A developer that needs to work on a new feature, should never make direct changes to the schema (models/fields/etc.) in the primary environment.
There are multiple reasons for that:
the changes might severely interfere with the work of the editors working on the live website;
the changes might modify the format of some API calls responses that are required by the live website, and break the experience for end users;
the changes could be accidentally wrong, and produce important loss of data.
Using environments, you can instead use the following safe workflow:
Create a new sandbox environment, forking the primary one. From now on, exclusively work inside the sandbox — this will safeguard you from all the problems just mentioned above!
Create a branch in the Git repository of your website/app, and inside it, start reading content from the sandbox environment instead of the primary environment;
Manually write a migration script (or auto-generate it). As we'll cover thoroughly in the next sections, a migration script is just a sequence of API calls to the Content Management API that produces some changes to the schema of an environment;
Run the migration script on the sandbox environment to apply the changes;
Adapt the code of your website/app to the changes.

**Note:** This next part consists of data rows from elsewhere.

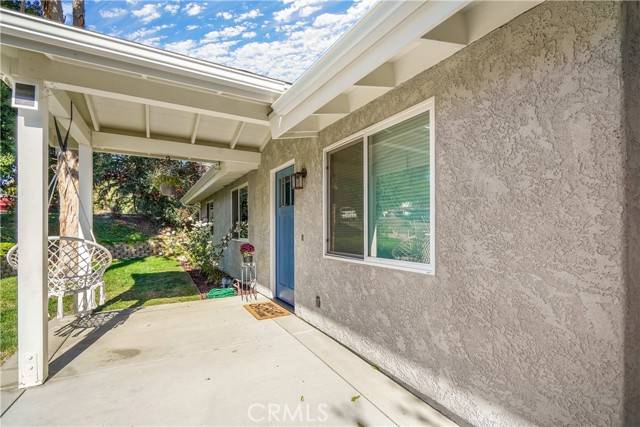 Thousand Oaks, CA 91360,719 Tudor Circle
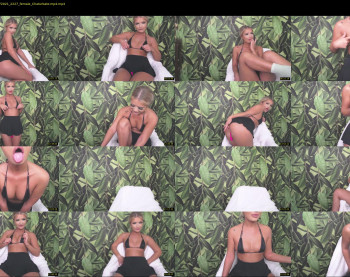 yourmidnightcoffee — 37 minute Chaturbate female teen cam video, 1080p, Jul 19, 2021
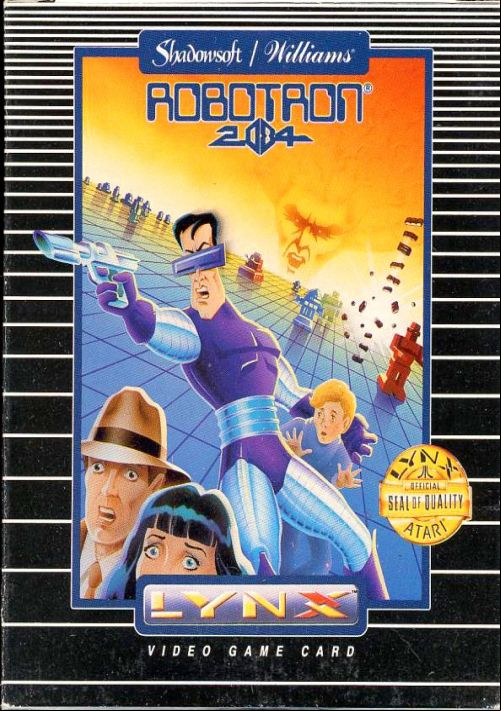  emulator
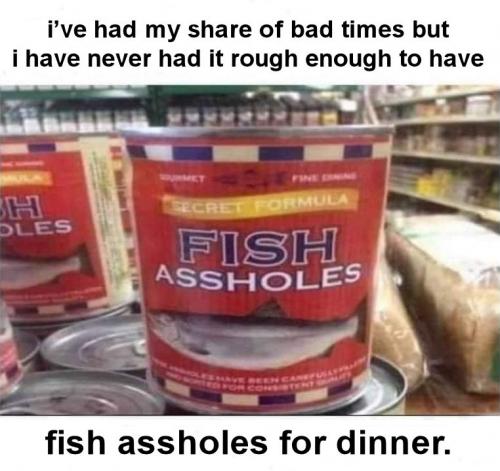 fish assholes01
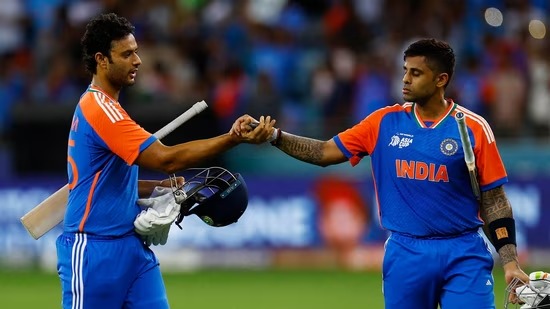 What Happens in Knockout Stage Meetings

If you make any changes to the migration script after running it, you can re-test it by simply repeating steps 1, 3 and 4.
Just like Git branches, environments let multiple development teams work simultaneously on different changes to the content schema, without interfering with each other. Everyone has their copy of the schema, and can test/iterate freely.
As long as you are working in a sandbox environment, you may not even need it a migration script, and just make your changes to models/fields using the interface... but eventually the time will come to merge your work and changes into production.
The primary environment at this point, however, may have changed by a lot; we can't just promote our sandbox environment to primary, because it is stuck at a past snapshot of the primary environment made at the time of the fork, and we would lose all the work done in the primary environment from that point forward.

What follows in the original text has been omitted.